SABMiller Looks to Expand Beer Sales in Latin America

Published By : 22 Jun 2015 | Published By : QYRESEARCH

Multinational brewing and beverage company based in the United Kingdom – SABMiller plc is figuring out how to increase the consumption of beer with meals among consumers. This effort is part of a larger plan to better sales in Latin America. More than one third of SABMiller’s earnings depend on this region. 

Beer in Latin America accounts for only 18 per cent of the beverages consumed at home and a mere 6 per cent of beverages consumed along with meals, based on figures released by the company.
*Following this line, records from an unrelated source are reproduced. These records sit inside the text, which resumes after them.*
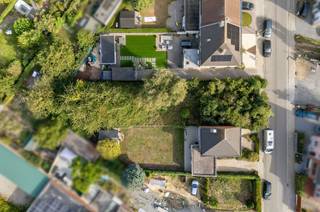 Dankzij de straatbreedte van 12 meter, kan u maximaal 9 meter breed bouwen bij 17 meter diep, wat in de praktijk heel wat mogelijkheden biedt...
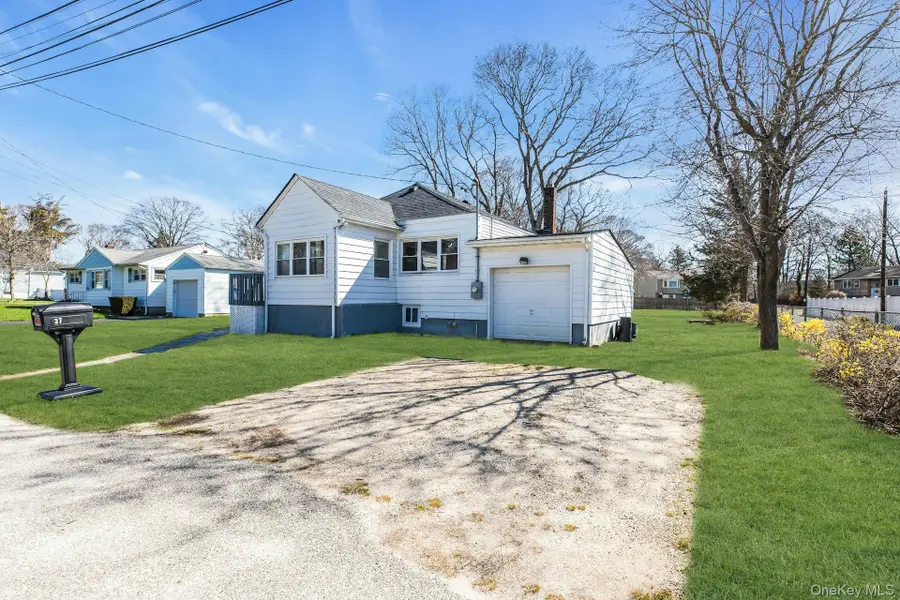 37 Saint Nicholas Avenue, Lake Grove, NY 11755 - #3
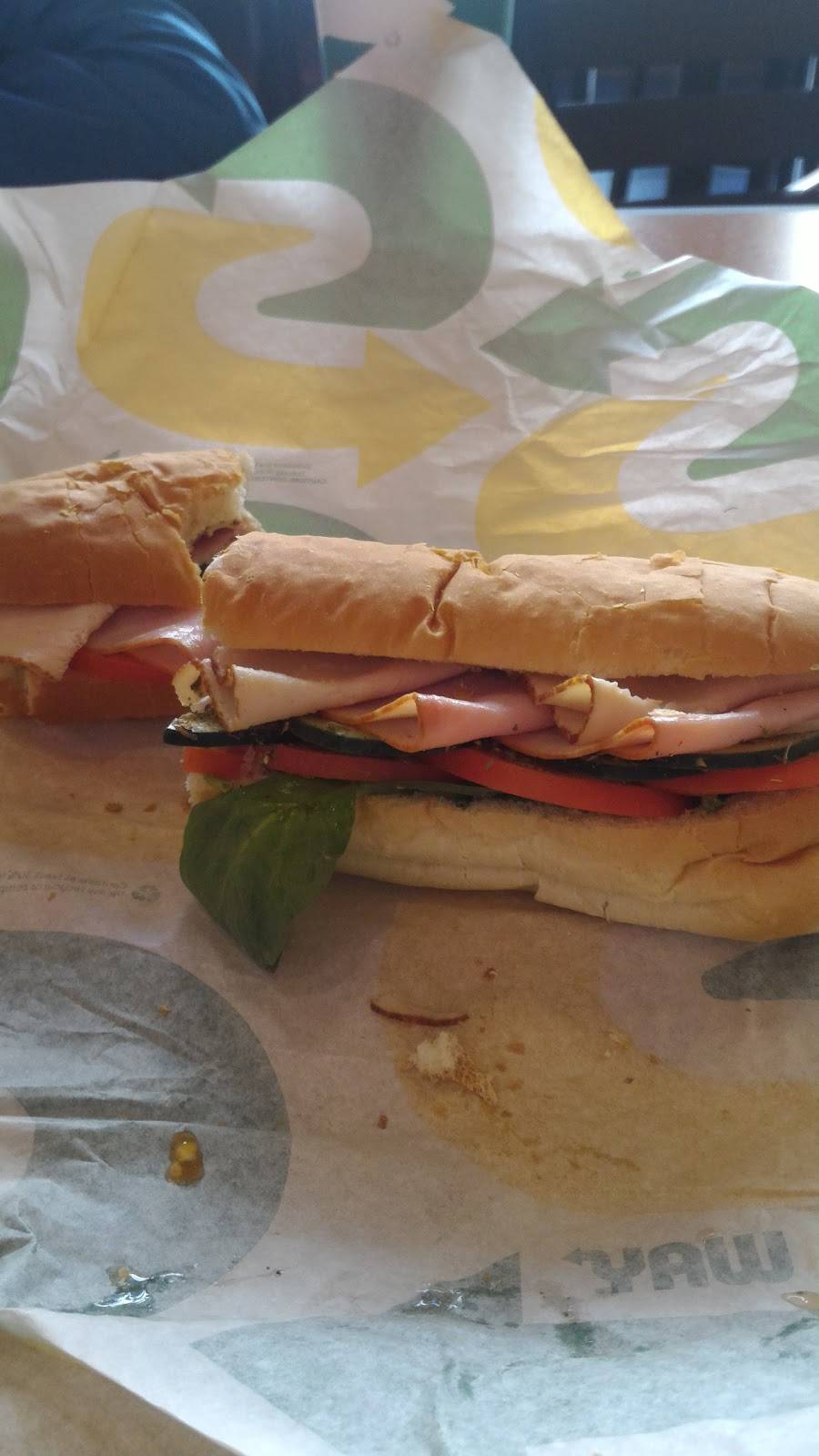 Subway | meal takeaway | 195 W Franklin St, Monterey, CA 93940, USA | 8316552613 OR +1 831-655-2613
SABMiller is the second largest brewer in the world in terms of revenue, following Anheuser Busch InBev SA.

The effort by SABMiller to increase the consumption of beer at home is in keeping with its decision to improve sales in Latin America by around 3 per cent to 6 per cent over the course of the next three to five years. In the fiscal year that ended March 31, it has been found that Latin America is SABMiller’s most profitable market.
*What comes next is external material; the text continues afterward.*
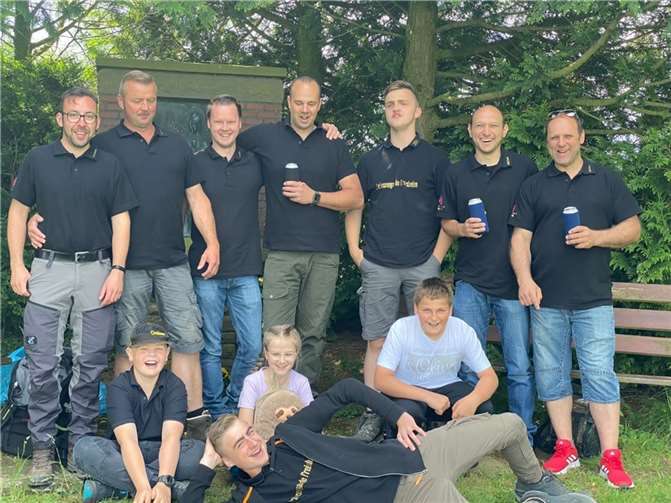 Nach zwei Jahren coronabedingter Pause begab sich der harte Kern der Prinzengarde mit Kindern wieder auf Wanderschaft. Foto: privat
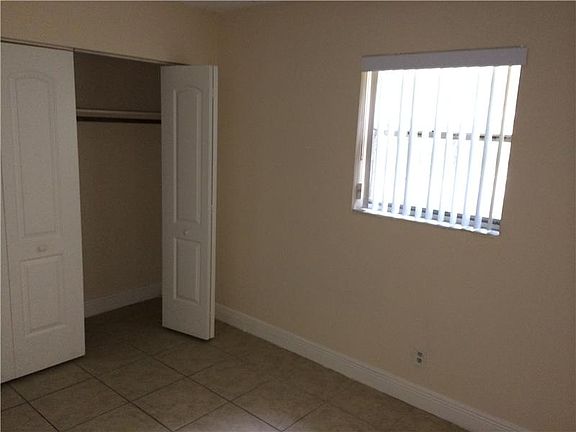4th image of 3520 N 65th Ave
In order to achieve this improvement in sales, the London based brewer is aimed at selling more fruity and fizzy beer, beers with no or less alcohol, and large packs of drinks that are more affordable. The company is also hoping to get consumers drink beer more often by offering discounts and creating weekly events.
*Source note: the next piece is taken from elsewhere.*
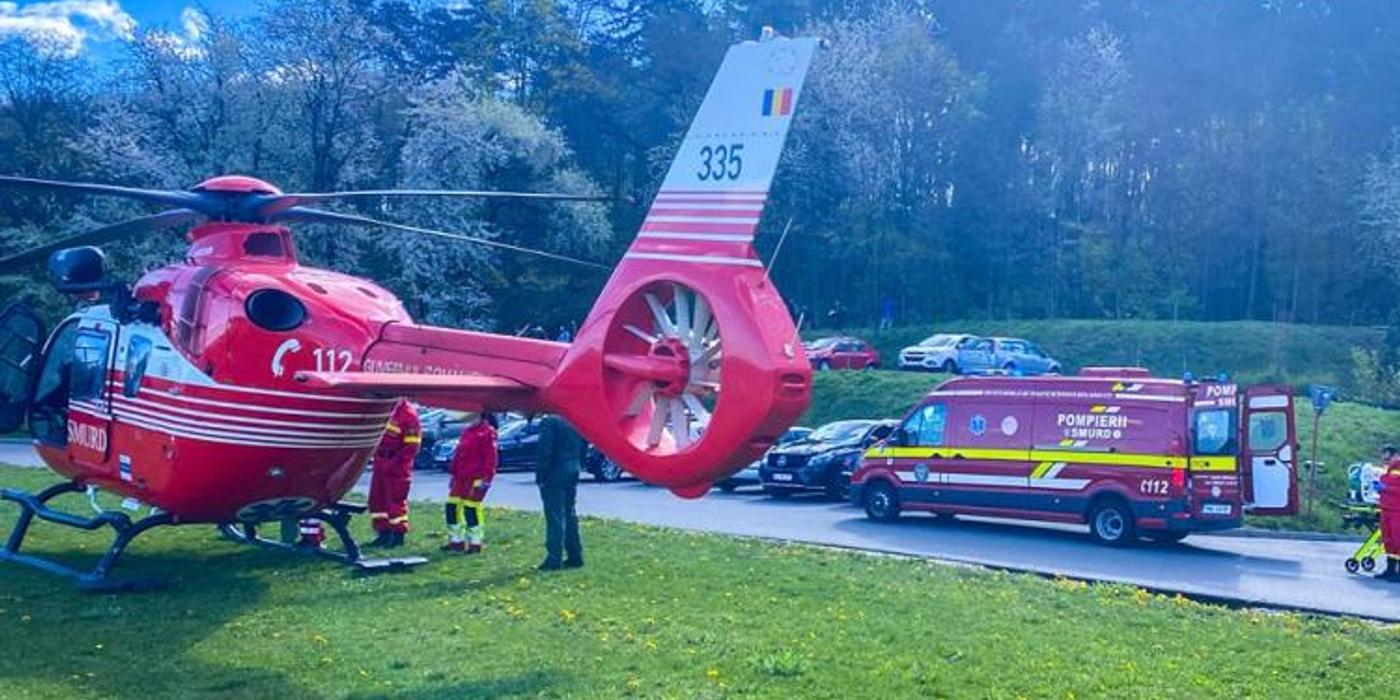 Un bebeluș în vârstă de doar 8 ore, în stare critică, a fost transportat miercuri de la Bistrița la Cluj cu un elicopter SMURD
SABMiller said that it is also planning to target women by undertaking more thoughtful mixed-gender marketing strategies, promoting easy to drink beers that have a lower alcohol content, and ensuring affordable rates.

In March 2013, the London based brewer said that it was aiming for a rise in beer volumes of 4 per cent to 6 per cent in Latin America over the medium term. However, since then, it has only delivered an average of 1 per cent year over year growth.